Si la flotilla no hubiera zarpado para intentar romper el bloqueo y abrir un corredor humanitario, dirían que los progres de Occidente no hacen nada. Como zarpó y cientos de personas se expusieron a la detención, la humillación, el trato inhumano en cárceles israelíes, a ser arrastradas por el suelo, a ser obligadas a besar una bandera, o a que su propio país no se inquietara por su regreso —como es el caso de David Adler, estadounidense y cocoordinador general de la Progressive International, detenido en la prisión de Ktzi’ot—, tratan de ridiculizar a esas mismas personas o hacer de poner en peligro la propia vida un acto de presunto egocentrismo.

La realidad es que, con Palestina, la derecha va perdiendo. No sabe con qué terminología hablar, como exhibe la distancia entre Juanma Moreno Bonilla en Andalucía, capaz de pronunciar la palabra genocidio, y las barbaridades que pronuncia a cada oportunidad que se le ofrece Isabel Díaz Ayuso desde los micrófonos de la Asamblea de Madrid. Ha quedado en una posición incómoda, minoritaria en comparación con el sentir general de la sociedad española. Como también es incapaz de no leerlo todo en clave partidista, porque con lo que cuenta sobre todo es con dinero y con partidos, no percibe las dimensiones de su auténtica derrota.

La movilización por Palestina no es algo que pueda alentar un Gobierno o que vaya a ir en beneficio directo de un partido político en específico. Frente al pendulazo al que tantas veces ha hecho alusión esa nueva derecha, la ciudadanía progresista sigue en pie, movilizada, dispuesta a abarrotar las calles o bloquear la Gran Vía por las causas que considera justas.
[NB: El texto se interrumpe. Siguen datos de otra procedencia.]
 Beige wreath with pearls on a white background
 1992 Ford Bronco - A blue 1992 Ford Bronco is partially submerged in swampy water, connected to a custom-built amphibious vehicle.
Y eso, en un momento en el que la izquierda —insisto: no necesariamente la partidista— necesita victorias, supone una esperanza enorme: estaremos perdiendo unas cuantas rondas en el combate, en el mundo, pero seguimos en pie. Cada artículo riéndose de la flotilla y cada tuit ridiculizando las manifestaciones debería hacer surgir en nosotros un fuerte sentimiento de ternura: tras mucho tiempo sin hacerlo, es la izquierda quien les marca el paso y obliga a opinar, aunque sean tonterías, y no al revés.